▶ _Source records_
━━━━━━

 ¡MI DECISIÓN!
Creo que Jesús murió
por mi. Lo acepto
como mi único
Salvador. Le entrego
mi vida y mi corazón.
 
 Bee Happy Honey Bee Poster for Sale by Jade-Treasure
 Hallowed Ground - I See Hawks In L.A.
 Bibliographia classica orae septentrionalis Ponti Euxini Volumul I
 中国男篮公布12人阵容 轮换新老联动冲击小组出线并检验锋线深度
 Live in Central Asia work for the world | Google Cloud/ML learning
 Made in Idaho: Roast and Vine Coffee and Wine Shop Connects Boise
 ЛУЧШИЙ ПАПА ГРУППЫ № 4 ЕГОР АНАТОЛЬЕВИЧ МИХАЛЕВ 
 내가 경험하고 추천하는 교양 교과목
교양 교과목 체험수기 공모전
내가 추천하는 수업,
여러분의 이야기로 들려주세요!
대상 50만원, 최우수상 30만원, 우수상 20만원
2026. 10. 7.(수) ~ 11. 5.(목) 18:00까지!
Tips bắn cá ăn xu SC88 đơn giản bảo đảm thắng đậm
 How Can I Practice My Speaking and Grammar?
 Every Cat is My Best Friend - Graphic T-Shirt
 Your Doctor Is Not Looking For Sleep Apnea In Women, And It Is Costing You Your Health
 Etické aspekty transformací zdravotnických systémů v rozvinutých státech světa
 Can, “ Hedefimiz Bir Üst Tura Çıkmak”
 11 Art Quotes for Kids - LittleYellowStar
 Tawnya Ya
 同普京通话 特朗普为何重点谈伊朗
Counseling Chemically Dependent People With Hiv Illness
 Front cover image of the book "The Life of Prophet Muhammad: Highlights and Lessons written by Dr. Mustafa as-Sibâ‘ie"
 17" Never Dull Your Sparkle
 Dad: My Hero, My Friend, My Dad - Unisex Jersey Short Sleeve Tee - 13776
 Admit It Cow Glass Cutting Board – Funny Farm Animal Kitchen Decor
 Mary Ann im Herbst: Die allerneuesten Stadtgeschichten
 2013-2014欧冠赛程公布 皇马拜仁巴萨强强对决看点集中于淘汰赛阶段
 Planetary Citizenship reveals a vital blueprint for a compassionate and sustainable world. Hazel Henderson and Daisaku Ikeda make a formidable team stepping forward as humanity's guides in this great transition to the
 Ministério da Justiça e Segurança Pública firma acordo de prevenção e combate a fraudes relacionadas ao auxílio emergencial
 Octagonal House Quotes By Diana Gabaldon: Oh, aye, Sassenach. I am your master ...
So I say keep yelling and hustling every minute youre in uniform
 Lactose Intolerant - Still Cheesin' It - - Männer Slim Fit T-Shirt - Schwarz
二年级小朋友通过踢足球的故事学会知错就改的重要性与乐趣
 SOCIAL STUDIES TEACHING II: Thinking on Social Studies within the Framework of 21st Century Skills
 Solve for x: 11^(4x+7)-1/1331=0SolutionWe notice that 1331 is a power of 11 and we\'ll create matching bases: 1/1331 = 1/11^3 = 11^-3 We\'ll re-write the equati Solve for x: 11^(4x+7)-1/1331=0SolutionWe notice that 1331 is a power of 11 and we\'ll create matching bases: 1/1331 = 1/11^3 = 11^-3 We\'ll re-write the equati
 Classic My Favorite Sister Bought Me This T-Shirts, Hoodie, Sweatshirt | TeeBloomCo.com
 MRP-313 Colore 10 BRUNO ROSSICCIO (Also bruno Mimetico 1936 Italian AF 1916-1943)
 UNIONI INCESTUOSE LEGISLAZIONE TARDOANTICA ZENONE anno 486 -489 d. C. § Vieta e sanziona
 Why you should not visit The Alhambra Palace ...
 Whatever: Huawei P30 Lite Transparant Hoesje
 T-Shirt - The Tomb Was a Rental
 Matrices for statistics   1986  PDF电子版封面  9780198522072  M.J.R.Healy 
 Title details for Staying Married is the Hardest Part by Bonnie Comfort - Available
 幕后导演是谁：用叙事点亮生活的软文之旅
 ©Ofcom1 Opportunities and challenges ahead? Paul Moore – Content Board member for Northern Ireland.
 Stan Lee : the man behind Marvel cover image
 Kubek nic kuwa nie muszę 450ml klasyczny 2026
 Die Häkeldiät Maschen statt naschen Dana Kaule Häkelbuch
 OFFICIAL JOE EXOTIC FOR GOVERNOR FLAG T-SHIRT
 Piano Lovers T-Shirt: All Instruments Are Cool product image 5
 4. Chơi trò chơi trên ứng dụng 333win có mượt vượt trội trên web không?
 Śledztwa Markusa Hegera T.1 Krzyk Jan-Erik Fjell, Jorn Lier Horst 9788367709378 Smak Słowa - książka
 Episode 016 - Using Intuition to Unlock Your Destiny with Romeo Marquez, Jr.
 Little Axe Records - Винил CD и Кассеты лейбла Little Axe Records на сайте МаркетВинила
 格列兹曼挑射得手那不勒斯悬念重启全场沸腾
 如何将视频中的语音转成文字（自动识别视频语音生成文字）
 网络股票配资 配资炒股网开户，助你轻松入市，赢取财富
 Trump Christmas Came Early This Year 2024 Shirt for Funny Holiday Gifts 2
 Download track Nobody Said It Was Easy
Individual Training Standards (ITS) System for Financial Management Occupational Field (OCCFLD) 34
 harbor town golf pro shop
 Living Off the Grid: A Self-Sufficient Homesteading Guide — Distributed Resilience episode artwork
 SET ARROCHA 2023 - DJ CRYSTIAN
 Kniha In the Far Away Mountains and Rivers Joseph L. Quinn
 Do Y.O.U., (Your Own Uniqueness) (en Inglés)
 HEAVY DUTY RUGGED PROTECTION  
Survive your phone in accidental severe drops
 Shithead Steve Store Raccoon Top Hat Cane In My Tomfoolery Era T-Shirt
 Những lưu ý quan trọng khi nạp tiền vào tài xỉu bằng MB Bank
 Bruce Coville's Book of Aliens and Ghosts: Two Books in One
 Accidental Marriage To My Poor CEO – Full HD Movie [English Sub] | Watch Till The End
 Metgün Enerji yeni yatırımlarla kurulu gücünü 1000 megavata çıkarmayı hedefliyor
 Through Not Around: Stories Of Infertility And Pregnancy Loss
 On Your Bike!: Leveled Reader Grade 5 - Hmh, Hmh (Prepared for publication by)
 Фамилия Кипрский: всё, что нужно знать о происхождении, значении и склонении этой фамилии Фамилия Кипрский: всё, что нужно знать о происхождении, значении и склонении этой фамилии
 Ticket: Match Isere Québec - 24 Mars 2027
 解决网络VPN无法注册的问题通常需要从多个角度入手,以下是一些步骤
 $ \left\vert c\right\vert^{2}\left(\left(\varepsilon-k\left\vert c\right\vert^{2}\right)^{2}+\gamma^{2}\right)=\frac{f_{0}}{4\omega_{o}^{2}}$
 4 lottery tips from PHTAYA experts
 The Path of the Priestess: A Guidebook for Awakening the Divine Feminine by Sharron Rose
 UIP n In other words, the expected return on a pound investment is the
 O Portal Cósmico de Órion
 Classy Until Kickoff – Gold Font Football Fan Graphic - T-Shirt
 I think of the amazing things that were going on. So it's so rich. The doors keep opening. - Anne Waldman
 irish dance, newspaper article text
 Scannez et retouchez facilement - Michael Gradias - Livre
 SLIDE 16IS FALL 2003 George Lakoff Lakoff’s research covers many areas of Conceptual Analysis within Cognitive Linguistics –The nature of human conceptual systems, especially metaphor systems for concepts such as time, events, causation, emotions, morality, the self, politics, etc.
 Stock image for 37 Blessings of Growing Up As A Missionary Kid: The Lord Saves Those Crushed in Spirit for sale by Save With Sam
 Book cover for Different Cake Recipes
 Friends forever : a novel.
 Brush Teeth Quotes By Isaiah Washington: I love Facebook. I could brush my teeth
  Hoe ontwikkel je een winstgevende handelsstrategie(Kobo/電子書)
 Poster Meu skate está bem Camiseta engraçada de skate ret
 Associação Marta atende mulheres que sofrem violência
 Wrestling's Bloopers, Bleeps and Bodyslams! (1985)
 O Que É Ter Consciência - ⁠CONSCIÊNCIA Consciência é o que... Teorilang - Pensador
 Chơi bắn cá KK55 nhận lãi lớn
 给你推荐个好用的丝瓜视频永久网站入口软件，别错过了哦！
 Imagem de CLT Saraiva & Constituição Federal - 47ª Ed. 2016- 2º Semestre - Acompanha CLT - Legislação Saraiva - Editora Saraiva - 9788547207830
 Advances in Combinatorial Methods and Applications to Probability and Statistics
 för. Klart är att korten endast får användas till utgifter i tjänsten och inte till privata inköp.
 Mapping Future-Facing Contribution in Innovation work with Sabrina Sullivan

━━━━━━

▶ _What you will do_
Your answer must be a single number: how many lines of the entries above contain the string "Quotes".

▶ _The answer_
3